L’umanità di Cristo coinvolge nel peccato la Chiesa

di Giuseppe Ruggieri
teologo

Ruggieri 01La bestia da fuori e da dentro

Nel Nuovo Testamento il “potere” non è un termine carico di tutti i significativi negativi che le varie ideologie critiche della società gli attribuiscono. È vero che il potere assume a volte un carattere demoniaco, come nel racconto delle tentazioni di Gesù in Luca, nelle quali il diavolo promette a Gesù il potere e la gloria sui regni della terra:

«Il diavolo lo condusse in alto, gli mostrò in un istante tutti i regni della terra e gli disse: “Ti darò tutto questo potere (exousia) e la loro gloria, perché a me è stata data e io la do a chi voglio. Perciò, se ti prostrerai in adorazione dinanzi a me, tutto sarà tuo”» (Lc 4,5-7). È questa la concezione che sarà sviluppata particolarmente nell’Apocalisse. Il potere di questo mondo è il vero nemico che si oppone al Messia immolato per noi. Questo nemico è il drago, immagine di Satana, cioè del male personificato che trascende la volontà dei singoli, che combatte il Messia nato nel popolo d’Israele. Il drago si serve tuttavia, per lottare contro Dio e contro l’Agnello, di due bestie. La prima che «viene dal mare», cioè il potere di allora, quello romano che aveva conquistato l’Asia minore (luogo in cui vivevano le comunità a cui si rivolge l’autore dell’Apocalisse) venendo dal mare, a cui il drago «diede la sua forza, il suo trono e il suo grande potere». Potremmo identificare oggi questa prima bestia nel potere finanziario. La seconda bestia «viene dalla terra», è indigena, e rappresenta tutti coloro, gli opinion makers diremmo adesso, che convincono gli uomini ad adorare sia il drago che la prima bestia.
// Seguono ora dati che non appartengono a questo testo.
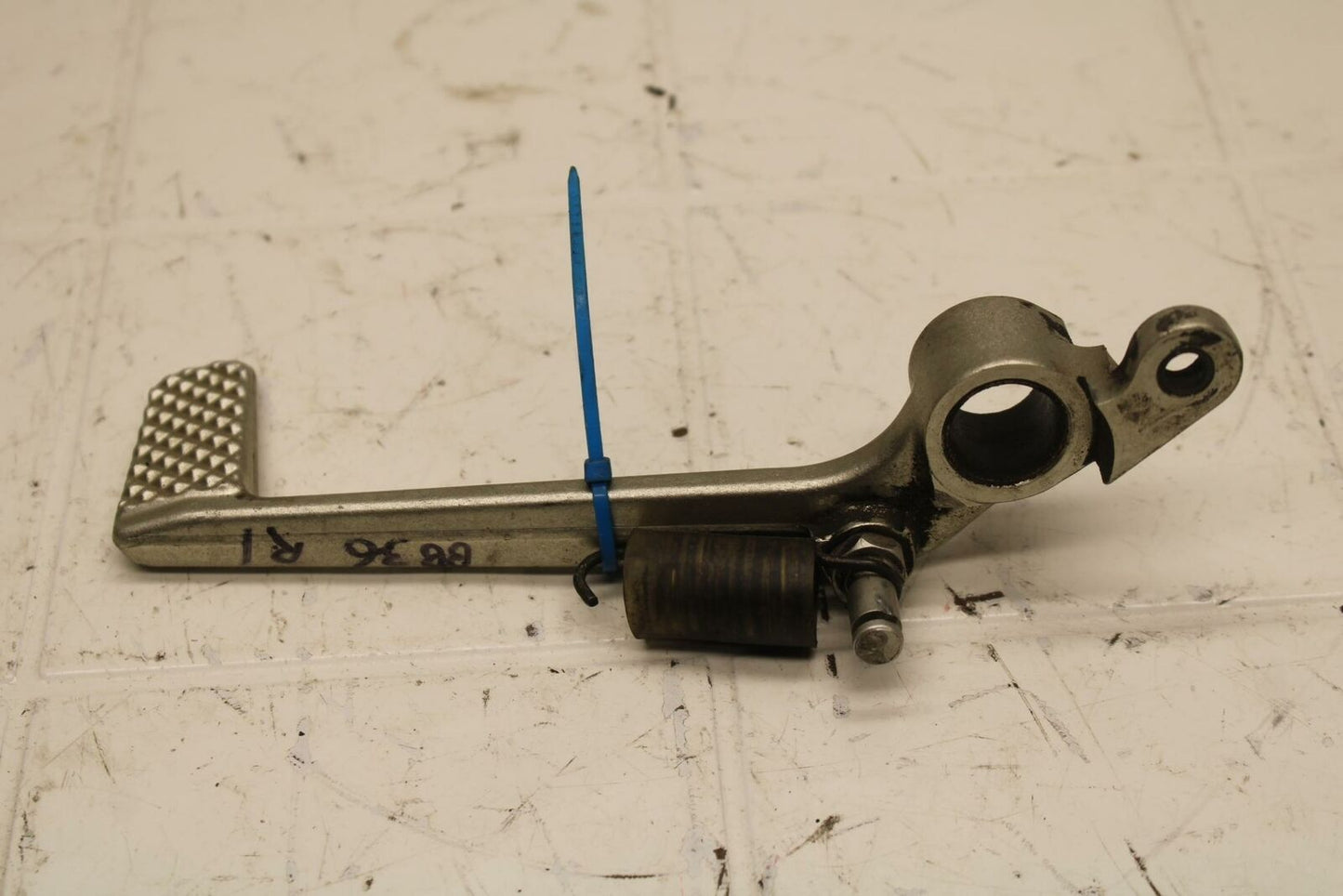 98-99 YAMAHA YZF R1 RIGHT REARSET BRAKE FOOT PEDAL BB16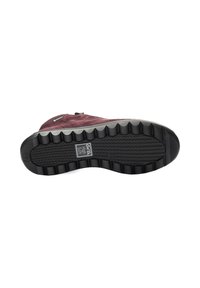 Scarpa in suede bordeaux con suola in gomma nera testurizzata, caratterizzata da un leggero motivo in rilievo e da un logo laterale. Dettaglio della chiusura con cerniera incluso.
Questi opinion makers (la seconda bestia che è all’interno della nostra società, ma è al servizio di un potere nemico dell’umano) sono capaci di «far sì che tutti, piccoli e grandi, ricchi e poveri, liberi e schiavi, ricevano un marchio sulla mano destra o sulla fronte, e che nessuno possa comprare o vendere senza avere tale marchio, cioè il nome della bestia o il numero del suo nome» (Ap 13,16-17).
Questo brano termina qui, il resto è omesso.